[PROVIDED MATERIAL]
········

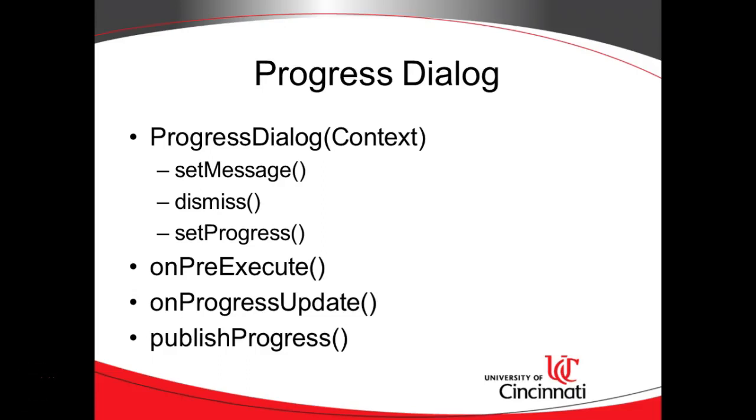In our previous video, we set up an async task to handle threaded operations on a different thread, specifically network operations. Then we grabbed some data from the internet and parsed it into JSON.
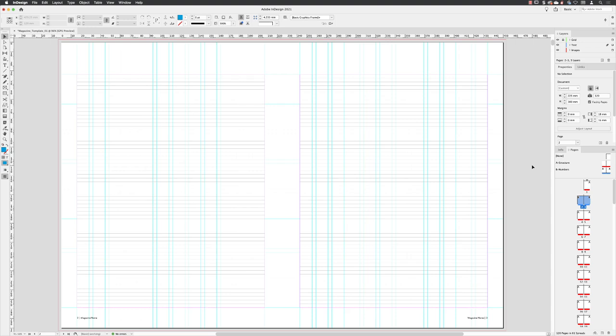I want to show you now the importance of the baseline grid and how it works with our copy. Just making sure that I left click on the layer called text, because that's where I want my text to live.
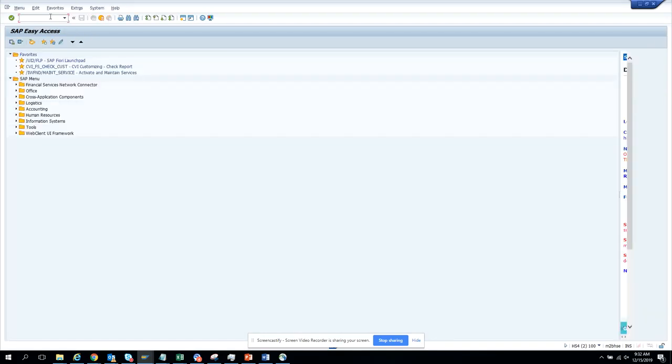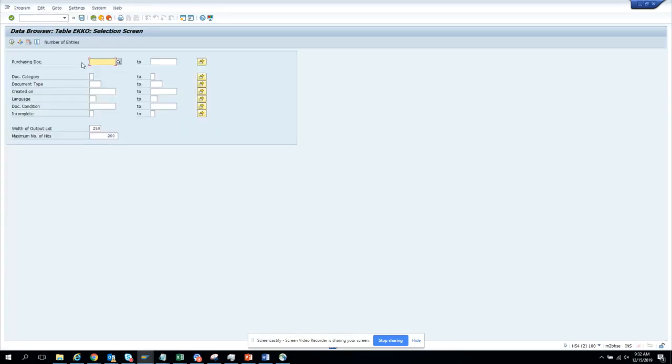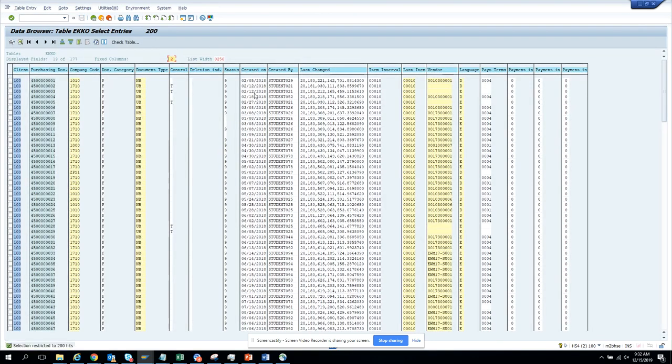The first thing you generally do is go to SC16 or SC16N. If I go to SC16 and display this table, and we want to see all the fields, generally you'll see it only shows so many fields.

········

[EXERCISE DIRECTIONS] The reply should consist of the listing restated word for word, with its pictures removed.

[SOLUTION FOR THIS PROBLEM]
In our previous video, we set up an async task to handle threaded operations on a different thread, specifically network operations. Then we grabbed some data from the internet and parsed it into JSON.
I want to show you now the importance of the baseline grid and how it works with our copy. Just making sure that I left click on the layer called text, because that's where I want my text to live.
The first thing you generally do is go to SC16 or SC16N. If I go to SC16 and display this table, and we want to see all the fields, generally you'll see it only shows so many fields.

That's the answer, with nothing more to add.